Another North Korean ship sinks, this time off the Chinese coast

In an effort to hide their sanctions violations from the prying eyes of the U.N. Panel of Experts — and from Leo Byrne and the sharp-eyed investigators at C4ADS — North Korean ships have taken to turning off the transponders and navigational devices that allow others to know where they are. Now that I’ve explained the advantages of that, let’s talk about one big possible disadvantage: other ships might crash into you and sink you.

That’s the best explanation I can piece together from what Leo Byrne could piece together from the what Chinese Maritime Ministry is saying about the sinking of the M/V Kum San off the Chinese port of Lianyungang, where it had been “hovering,” in standard North Korean fashion, until a Chinese oil tanker came along. Although the report says the Kum San struck the tanker, the report also says that the tanker was undamaged and went along its way, while the Kum San (apparently fully loaded) went to the bottom.

As with the January sinking of the M/V Chong Gen off Japan, all the crew were rescued. The Chong Gen was another North Korean general cargo vessel that sank in the Tsushima Strait with a cargo of rice, for reasons that were never fully explained, but might also have been due to a navigational failure given its proximity to the rocky Japanese coastline.

The Kum San had been flying the flag of Sierra Leone until recently, when it reflagged as North Korean. Its IMO does not appear in the Treasury Department’s SDN List, so it was not directly linked to smuggling. Typical of a North Korean ship, however, its owner is a company with just one ship, which is a tactic North Korea uses to obscure the true ownership of its vessels.

According to Byrne, North Korea recently began to consolidate the ownership of its shipping, and specifically its tanker fleet, as a result of the difficulty it is facing in registering its ships abroad under flags of convenience. A mass re-registration to Tanzania had become an embarrassment for the Tanzanian government. Byrne later discovered a similar North Korean effort to re-register ships under the Fijian flag, but the Fijian police soon began to investigate the practice.

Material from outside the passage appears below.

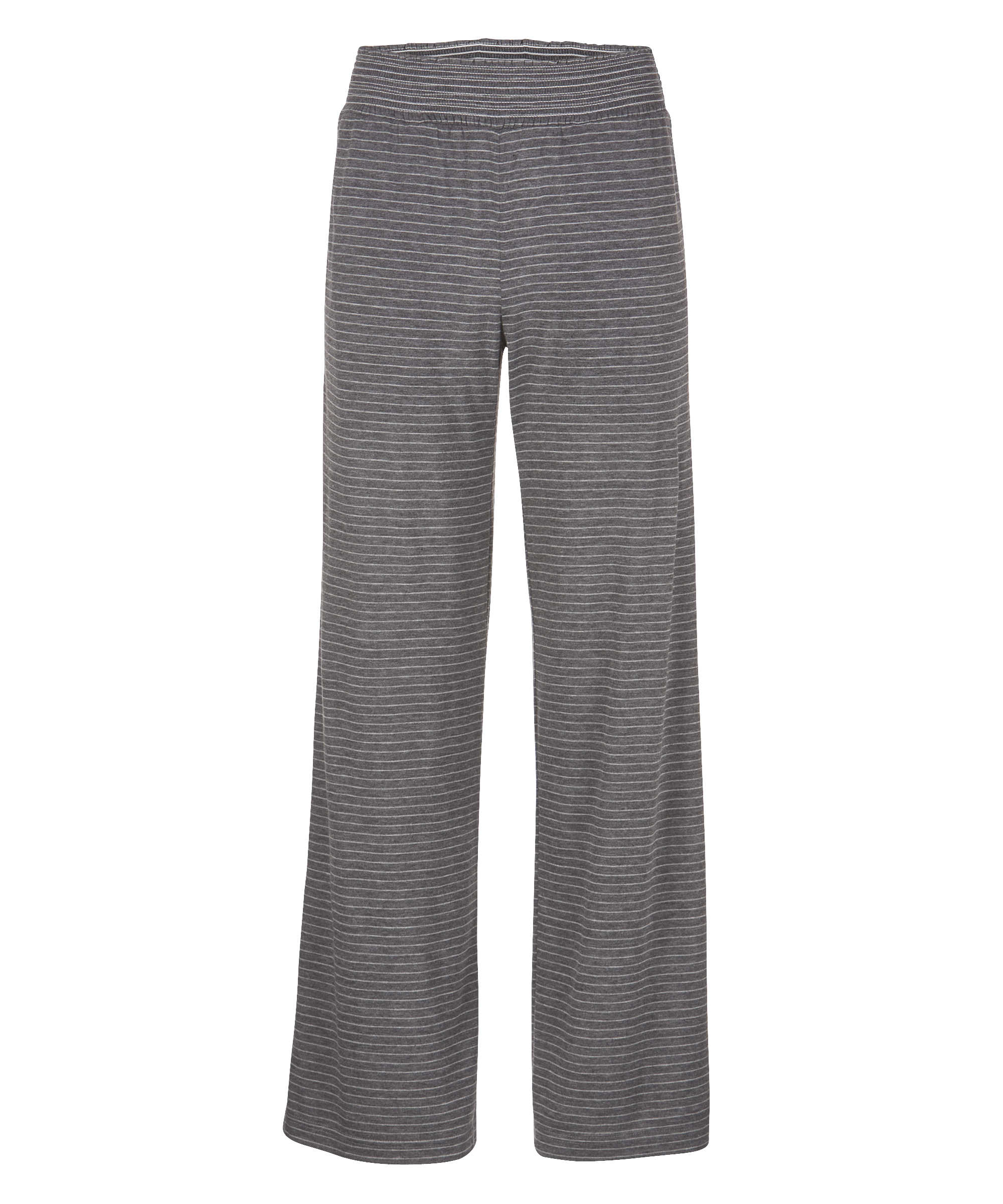 BOXERCRAFT EVELYN WIDE LEG PANT J15 9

The U.N. also recently banned other states from insuring North Korean vessels, so in theory, Pyongyang’s state insurance company (which was recently designated by the U.S. Treasury Department) will eat the entire cost of the loss. 

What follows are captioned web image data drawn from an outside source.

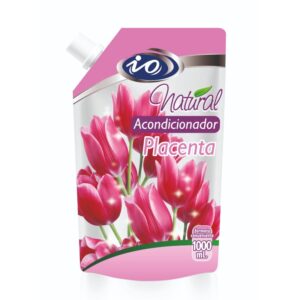 Bálsamo Placenta Doypack 1 lt - IO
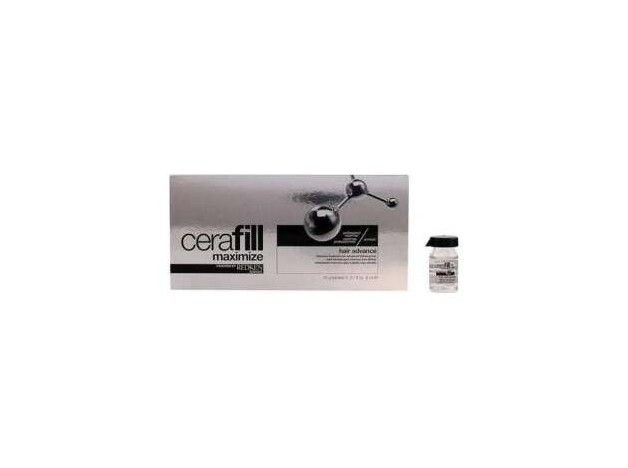Redken Cerafill Maximize Hair Advance...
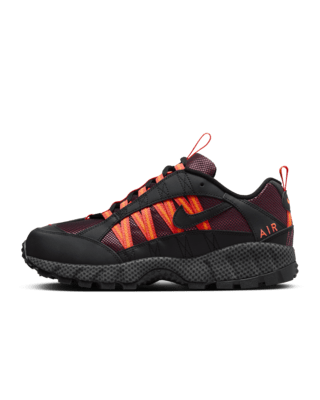 NIKE+AIR+HUMARA.png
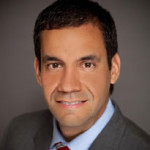 Dr. Gilberto Sustache, MD - Shrewsbury, MA - Family Medicine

More posts on North Korean shipping here.

1 Comment

  1. Cargo ships risking collision for unhampered imports of restricted goods seems wasteful. Yet, when have cults worried about that? It is always about the leader’s welfare. DPRK society preaches that it did not attack the Republic of Korea in 1950. (People have read the Soviet, and Warsaw pack’s archives so they know exactly how it went down). It is a matter of their delusional faith. Delusional societies can survive, *if* they are not ‘maladaptive’. Watching DPRK video of their four rockets being launched and then 365 frame-a-seconds of a THAAD launch, my conclusion is the DPRK rockets look like Hitler’s V-2 style year 1943? in comparison. I am still wondering how adaptive DPRK is, in an evolutionary sense? I am wondering how their stepping on Malay sovereignty plays out in the long game.